Short web captions:
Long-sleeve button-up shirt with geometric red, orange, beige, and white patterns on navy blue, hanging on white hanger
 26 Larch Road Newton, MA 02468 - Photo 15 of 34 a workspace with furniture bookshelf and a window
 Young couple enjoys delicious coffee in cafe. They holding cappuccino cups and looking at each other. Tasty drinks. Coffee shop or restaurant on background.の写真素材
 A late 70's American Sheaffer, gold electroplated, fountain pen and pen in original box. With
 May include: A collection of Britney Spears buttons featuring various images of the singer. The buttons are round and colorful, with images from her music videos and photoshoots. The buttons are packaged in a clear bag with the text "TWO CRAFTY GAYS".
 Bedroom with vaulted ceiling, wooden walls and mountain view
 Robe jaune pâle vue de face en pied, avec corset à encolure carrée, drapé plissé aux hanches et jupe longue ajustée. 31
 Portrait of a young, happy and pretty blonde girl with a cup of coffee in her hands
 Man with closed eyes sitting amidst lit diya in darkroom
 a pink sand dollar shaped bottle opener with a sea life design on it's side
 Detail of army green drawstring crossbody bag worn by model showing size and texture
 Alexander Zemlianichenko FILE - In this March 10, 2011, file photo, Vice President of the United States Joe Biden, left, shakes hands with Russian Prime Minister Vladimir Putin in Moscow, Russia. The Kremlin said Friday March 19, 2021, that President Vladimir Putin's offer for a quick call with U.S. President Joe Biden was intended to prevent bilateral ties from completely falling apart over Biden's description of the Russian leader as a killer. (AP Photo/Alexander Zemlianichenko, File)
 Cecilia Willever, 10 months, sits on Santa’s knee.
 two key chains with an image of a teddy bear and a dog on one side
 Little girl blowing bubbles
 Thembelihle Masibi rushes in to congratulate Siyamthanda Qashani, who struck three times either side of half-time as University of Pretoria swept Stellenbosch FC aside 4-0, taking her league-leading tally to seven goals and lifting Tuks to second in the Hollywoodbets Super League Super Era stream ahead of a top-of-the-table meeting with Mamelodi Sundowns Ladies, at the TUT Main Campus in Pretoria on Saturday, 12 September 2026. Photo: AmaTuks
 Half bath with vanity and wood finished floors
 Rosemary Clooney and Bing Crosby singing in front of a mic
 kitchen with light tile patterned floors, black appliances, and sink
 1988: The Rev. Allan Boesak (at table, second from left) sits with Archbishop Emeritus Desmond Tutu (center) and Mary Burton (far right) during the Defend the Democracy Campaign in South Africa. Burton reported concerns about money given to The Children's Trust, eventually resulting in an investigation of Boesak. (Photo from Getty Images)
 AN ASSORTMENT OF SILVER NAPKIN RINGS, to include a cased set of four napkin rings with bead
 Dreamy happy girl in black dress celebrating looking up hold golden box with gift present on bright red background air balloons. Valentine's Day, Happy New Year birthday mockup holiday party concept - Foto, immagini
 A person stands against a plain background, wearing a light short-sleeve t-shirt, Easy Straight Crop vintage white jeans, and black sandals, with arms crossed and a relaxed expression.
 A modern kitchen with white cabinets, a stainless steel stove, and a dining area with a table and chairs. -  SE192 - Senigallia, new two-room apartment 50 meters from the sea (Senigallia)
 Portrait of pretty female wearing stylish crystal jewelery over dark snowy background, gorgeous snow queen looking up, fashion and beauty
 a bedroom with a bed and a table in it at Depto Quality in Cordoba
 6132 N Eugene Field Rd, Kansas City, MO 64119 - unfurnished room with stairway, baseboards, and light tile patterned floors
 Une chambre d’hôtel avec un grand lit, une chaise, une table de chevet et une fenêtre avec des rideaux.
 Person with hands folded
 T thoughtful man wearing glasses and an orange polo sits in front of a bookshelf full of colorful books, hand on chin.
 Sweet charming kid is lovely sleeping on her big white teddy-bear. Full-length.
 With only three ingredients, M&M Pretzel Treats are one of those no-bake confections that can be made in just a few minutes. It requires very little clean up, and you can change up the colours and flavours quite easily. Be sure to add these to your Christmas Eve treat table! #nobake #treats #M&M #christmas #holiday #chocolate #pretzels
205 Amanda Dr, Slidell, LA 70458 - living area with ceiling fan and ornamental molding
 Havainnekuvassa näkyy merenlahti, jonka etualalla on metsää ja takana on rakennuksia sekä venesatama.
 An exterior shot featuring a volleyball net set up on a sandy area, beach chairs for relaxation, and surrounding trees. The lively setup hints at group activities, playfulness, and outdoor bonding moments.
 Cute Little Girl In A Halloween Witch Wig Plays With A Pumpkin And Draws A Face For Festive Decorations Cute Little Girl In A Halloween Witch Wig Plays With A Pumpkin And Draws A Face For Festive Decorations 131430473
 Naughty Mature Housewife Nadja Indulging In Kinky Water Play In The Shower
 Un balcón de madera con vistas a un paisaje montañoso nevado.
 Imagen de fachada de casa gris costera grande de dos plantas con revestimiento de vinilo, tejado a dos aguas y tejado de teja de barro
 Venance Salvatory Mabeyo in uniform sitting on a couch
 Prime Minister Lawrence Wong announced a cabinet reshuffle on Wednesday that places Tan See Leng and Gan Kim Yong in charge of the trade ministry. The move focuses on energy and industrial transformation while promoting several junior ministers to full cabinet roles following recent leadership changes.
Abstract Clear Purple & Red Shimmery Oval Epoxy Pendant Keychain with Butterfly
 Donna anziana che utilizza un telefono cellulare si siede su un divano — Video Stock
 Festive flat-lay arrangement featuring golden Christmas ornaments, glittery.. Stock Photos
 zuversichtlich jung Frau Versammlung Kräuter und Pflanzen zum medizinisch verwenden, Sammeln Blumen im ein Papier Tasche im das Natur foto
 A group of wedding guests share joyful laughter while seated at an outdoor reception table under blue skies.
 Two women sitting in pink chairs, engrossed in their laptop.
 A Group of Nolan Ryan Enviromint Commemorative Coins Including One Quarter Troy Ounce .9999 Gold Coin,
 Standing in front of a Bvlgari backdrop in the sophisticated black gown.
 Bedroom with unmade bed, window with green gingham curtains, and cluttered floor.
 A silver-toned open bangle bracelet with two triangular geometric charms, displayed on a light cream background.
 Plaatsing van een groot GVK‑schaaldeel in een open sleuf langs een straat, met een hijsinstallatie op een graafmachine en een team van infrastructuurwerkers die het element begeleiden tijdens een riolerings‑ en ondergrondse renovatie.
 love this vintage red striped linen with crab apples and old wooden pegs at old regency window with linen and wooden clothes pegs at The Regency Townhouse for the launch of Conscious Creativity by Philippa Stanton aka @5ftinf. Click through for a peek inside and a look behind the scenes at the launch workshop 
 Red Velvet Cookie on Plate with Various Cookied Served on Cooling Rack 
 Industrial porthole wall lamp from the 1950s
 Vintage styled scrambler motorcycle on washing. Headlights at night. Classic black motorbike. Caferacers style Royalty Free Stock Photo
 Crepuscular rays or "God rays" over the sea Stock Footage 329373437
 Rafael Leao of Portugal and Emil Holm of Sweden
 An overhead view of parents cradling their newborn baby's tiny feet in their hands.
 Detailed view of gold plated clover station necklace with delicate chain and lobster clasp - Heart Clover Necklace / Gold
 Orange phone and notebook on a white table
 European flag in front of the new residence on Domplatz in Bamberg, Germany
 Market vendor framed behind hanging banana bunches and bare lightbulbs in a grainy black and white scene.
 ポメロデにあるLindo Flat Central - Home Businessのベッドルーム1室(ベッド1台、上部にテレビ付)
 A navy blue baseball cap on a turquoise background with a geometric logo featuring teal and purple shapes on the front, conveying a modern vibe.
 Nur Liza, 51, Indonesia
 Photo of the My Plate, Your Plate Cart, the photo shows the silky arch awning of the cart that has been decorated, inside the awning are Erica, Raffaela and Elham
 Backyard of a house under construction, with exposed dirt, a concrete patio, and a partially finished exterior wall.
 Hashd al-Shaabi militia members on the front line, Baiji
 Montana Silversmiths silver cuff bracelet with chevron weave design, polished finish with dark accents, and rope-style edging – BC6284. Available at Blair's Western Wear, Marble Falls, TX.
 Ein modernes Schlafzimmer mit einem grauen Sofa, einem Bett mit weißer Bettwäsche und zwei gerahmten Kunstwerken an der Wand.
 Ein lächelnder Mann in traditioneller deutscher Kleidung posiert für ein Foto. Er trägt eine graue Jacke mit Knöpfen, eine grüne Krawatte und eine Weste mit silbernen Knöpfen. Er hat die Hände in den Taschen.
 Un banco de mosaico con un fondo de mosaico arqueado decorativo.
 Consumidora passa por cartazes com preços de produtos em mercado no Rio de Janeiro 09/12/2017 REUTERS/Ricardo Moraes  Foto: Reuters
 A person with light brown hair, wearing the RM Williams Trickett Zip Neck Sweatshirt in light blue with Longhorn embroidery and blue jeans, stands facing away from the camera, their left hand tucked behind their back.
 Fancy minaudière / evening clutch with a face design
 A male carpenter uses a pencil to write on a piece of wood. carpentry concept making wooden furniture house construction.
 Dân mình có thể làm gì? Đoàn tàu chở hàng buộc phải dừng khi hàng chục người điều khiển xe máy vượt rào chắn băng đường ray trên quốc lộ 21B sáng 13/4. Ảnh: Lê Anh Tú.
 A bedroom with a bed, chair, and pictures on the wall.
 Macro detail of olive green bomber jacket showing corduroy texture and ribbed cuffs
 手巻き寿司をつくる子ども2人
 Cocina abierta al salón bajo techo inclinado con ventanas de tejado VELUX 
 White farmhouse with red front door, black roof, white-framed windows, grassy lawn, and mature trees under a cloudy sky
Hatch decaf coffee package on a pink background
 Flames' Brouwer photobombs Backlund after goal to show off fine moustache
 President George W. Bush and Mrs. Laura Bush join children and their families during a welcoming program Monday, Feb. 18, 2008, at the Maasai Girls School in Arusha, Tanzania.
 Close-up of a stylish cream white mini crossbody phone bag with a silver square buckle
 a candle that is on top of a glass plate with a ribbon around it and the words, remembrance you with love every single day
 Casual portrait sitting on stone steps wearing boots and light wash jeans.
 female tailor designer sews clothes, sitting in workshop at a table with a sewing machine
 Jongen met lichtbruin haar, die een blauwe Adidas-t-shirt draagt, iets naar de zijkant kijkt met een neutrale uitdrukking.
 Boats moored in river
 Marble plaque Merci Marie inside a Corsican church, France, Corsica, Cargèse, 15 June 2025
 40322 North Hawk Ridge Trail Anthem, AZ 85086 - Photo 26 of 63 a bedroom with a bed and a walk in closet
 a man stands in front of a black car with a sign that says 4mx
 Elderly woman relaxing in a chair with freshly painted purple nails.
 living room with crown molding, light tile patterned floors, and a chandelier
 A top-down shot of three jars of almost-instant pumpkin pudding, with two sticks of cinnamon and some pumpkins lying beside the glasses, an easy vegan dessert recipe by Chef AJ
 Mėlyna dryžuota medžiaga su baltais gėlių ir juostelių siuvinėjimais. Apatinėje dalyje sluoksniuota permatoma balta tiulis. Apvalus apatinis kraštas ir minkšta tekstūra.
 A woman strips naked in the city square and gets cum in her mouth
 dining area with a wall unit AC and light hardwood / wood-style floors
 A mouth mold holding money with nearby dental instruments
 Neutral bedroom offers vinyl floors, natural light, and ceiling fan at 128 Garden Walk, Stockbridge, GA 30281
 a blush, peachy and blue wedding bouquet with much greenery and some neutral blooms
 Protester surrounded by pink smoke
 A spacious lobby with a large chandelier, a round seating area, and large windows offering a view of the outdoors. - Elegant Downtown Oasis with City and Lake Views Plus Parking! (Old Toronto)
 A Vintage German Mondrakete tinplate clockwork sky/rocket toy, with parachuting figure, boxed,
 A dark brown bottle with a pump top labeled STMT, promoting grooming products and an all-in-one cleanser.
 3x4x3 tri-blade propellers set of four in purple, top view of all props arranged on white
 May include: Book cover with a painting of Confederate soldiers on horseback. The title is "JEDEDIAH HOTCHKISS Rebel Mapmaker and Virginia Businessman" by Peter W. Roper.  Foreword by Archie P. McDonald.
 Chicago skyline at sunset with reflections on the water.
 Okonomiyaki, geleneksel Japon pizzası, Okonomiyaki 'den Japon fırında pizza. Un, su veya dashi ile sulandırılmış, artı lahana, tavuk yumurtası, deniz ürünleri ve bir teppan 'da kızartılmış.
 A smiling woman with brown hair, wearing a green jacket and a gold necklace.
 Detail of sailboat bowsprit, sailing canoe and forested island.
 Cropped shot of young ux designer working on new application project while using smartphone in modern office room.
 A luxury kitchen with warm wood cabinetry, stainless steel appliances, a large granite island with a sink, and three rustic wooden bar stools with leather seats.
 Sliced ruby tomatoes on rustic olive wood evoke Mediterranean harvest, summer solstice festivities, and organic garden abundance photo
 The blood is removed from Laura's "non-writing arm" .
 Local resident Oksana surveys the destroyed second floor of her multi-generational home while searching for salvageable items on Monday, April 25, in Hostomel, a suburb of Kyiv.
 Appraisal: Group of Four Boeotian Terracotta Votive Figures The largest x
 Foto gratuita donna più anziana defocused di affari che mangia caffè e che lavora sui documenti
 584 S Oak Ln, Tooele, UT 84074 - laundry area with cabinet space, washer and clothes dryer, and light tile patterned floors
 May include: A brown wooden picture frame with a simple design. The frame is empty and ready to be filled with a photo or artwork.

Work request ▸ Using the data above, extract exactly the lines from the one that holds "ポメロデにあるLindo Flat Central" to the one that holds "Ein modernes Schlafzimmer", both ends included, and no others.

Reply to the exercise ▸
 ポメロデにあるLindo Flat Central - Home Businessのベッドルーム1室(ベッド1台、上部にテレビ付)
 A navy blue baseball cap on a turquoise background with a geometric logo featuring teal and purple shapes on the front, conveying a modern vibe.
 Nur Liza, 51, Indonesia
 Photo of the My Plate, Your Plate Cart, the photo shows the silky arch awning of the cart that has been decorated, inside the awning are Erica, Raffaela and Elham
 Backyard of a house under construction, with exposed dirt, a concrete patio, and a partially finished exterior wall.
 Hashd al-Shaabi militia members on the front line, Baiji
 Montana Silversmiths silver cuff bracelet with chevron weave design, polished finish with dark accents, and rope-style edging – BC6284. Available at Blair's Western Wear, Marble Falls, TX.
 Ein modernes Schlafzimmer mit einem grauen Sofa, einem Bett mit weißer Bettwäsche und zwei gerahmten Kunstwerken an der Wand.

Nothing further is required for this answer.